Classic Pizza Margherita

The Classic Pizza Margherita is a very basic pizza recipe, but it can turn out to be a very delicious pizza if you use fresh ingredients in it. It is easy to make and uses minimal ingredients and yet is good to eat. Since the Pizza Magherita is a basic dish, it usually appeals to all kinds of taste buds, so you do not have to think about disappointing some one at the table.

Prep Time: 2 hours
Cook Time: 25 minutes


  • Pizza Dough
  • 2 teaspoons instant yeast
  • 1cups lukewarm water
  • 2 tablespoons honey
  • 3 ½ cups Whole Wheat Flour
  • 1 tablespoon wheat gluten
  • 1 1/2 teaspoons salt
  • 2 tablespoons extra-virgin olive oil
  • 2 tablespoons sesame seeds


  • 3 tablespoons extra-virgin olive oil
  • 4 ripe plum tomatoes, sliced into thin rounds
  • 2 cups diced fresh mozzarella cheese
  • 12 fresh basil leaves
  • 1/2 teaspoon salt


Preheat oven to 425°F.

To make the dough

Stir together the yeast, water, honey and 1 cup of the flour in a large mixing bowl and combine well. You can also use the electric mixer to combine the ingredients. Cover the mixture and let it stand for 30 minutes so that it becomes a little soft.
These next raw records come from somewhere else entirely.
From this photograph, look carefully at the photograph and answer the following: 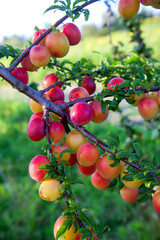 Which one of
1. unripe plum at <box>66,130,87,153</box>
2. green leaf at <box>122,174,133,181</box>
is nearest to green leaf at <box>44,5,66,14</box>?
unripe plum at <box>66,130,87,153</box>

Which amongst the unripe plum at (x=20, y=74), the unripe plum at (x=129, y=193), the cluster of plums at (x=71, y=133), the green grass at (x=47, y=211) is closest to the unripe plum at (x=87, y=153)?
the cluster of plums at (x=71, y=133)

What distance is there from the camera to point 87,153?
505 mm

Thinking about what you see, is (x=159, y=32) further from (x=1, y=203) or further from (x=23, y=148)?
(x=1, y=203)

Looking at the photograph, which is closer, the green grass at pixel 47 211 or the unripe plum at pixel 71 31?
the unripe plum at pixel 71 31

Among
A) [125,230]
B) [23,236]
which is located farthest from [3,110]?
[125,230]

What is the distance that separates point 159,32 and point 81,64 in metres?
6.56

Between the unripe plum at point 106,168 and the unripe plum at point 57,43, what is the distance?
24 cm

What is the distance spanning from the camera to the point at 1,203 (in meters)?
1.86

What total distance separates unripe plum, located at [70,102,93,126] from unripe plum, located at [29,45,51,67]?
12 centimetres

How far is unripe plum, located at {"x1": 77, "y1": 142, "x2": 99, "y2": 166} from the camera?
51 centimetres

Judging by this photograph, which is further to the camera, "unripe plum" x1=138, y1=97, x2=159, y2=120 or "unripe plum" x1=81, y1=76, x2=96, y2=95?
"unripe plum" x1=81, y1=76, x2=96, y2=95

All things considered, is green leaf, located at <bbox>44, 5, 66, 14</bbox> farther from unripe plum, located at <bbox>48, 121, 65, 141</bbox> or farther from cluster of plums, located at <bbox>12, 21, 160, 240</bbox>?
unripe plum, located at <bbox>48, 121, 65, 141</bbox>

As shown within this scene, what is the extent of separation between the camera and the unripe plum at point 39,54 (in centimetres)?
54

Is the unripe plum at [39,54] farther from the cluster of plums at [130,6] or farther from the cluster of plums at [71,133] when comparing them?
the cluster of plums at [130,6] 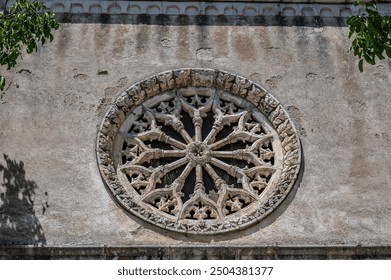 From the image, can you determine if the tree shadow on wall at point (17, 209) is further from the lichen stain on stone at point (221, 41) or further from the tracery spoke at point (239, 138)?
the lichen stain on stone at point (221, 41)

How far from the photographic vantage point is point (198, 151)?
13703 millimetres

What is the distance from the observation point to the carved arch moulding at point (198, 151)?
42.9 ft

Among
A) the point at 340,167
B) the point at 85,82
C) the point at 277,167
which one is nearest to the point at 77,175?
the point at 85,82

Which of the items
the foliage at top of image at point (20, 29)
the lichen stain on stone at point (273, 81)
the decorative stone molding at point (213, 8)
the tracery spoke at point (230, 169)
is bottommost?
the tracery spoke at point (230, 169)

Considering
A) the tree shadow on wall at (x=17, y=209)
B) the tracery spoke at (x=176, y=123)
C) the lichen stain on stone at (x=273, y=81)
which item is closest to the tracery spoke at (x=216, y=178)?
the tracery spoke at (x=176, y=123)

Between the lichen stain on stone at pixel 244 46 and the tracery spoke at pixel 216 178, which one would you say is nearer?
the tracery spoke at pixel 216 178

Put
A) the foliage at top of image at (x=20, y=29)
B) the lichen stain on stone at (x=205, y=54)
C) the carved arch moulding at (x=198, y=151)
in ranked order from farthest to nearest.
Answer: the lichen stain on stone at (x=205, y=54) < the carved arch moulding at (x=198, y=151) < the foliage at top of image at (x=20, y=29)

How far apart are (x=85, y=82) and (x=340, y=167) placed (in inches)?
150

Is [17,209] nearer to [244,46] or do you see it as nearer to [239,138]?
[239,138]

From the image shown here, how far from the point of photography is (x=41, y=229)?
12.6 metres

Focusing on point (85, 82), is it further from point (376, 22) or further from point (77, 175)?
point (376, 22)

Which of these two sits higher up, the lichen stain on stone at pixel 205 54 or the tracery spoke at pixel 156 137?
the lichen stain on stone at pixel 205 54

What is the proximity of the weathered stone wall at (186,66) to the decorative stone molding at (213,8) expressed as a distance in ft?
0.45

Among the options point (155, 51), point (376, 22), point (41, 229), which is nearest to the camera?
point (376, 22) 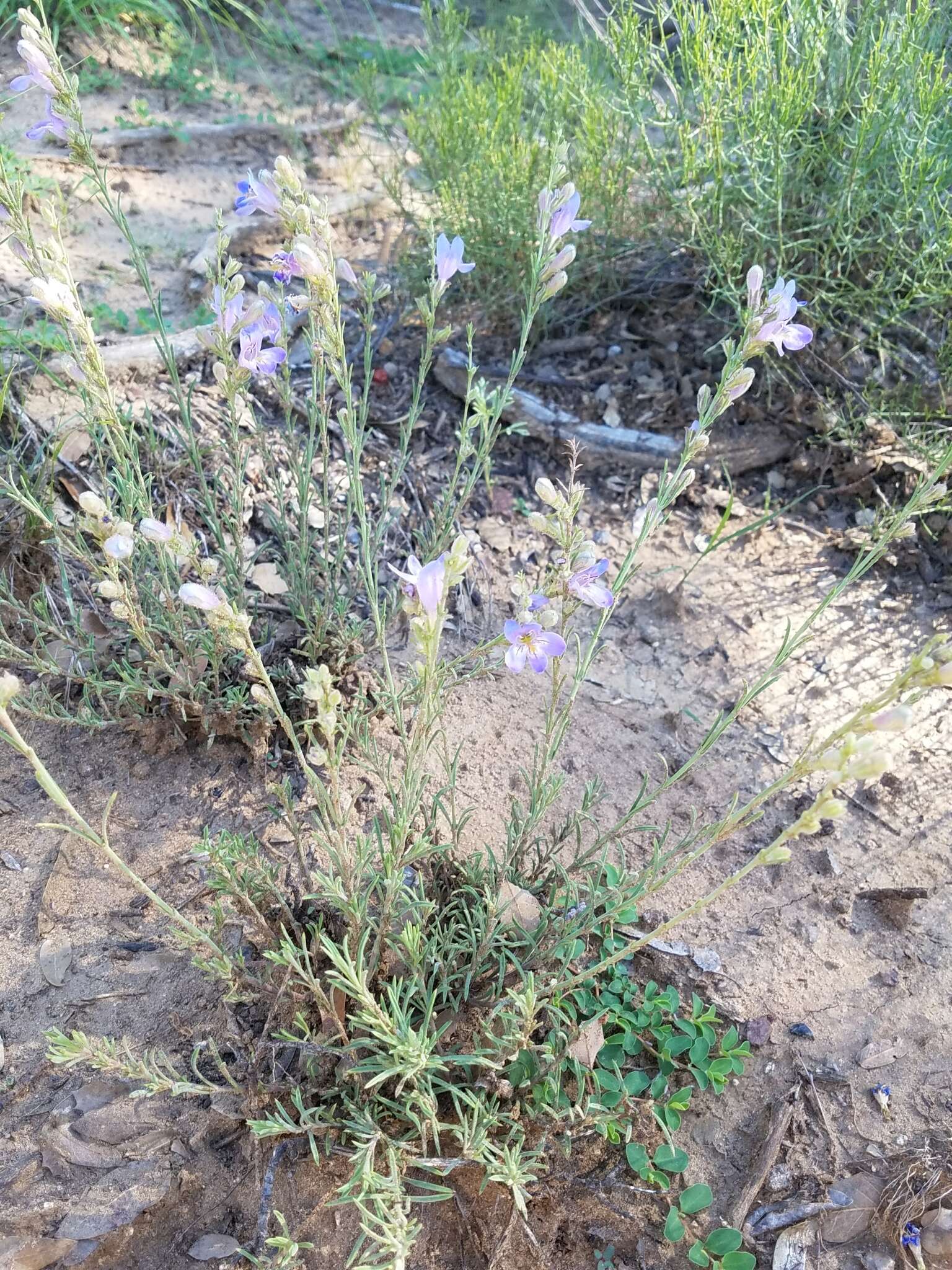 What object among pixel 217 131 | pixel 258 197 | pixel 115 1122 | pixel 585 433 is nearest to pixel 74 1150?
pixel 115 1122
Add 2 cups of the remaining flour, the wheat gluten and the salt to the prepared mixture along with the olive oil and sesame seeds. Either knead the dough by hand or mixer for about 5 minutes, adding in more flour if necessary to make a smooth elastic dough. Place it in a lightly greased bowl, cover the bowl tightly with plastic wrap, and allow the dough to rise for at least 2 hours, or until it’s doubled in size.
Arranging the pizza

Divide the dough in half, roll each piece on a floured surface into a 13″ to 15″ round and place the rounds on lightly oiled pans. Turn in the overhanging edge to form a rounded rim.

Brush each of the rounded dough with 1 tablespoon of the olive oil. Now neatly arrange the tomato slices equally on both the pizza bases. Similarly sprinkle the cheese dividing into half and top it up with the tomatoes. Put the fresh basil leaves on top equally over both the rounds and sprinkle with salt and a dash of olive oil.

Bake the pizzas in the pans for about 20 to 30 minutes or until the top and bottom crusts are nicely browned. Cut into neat equal wedges and serve piping hot, garnished with some more fresh basil if required.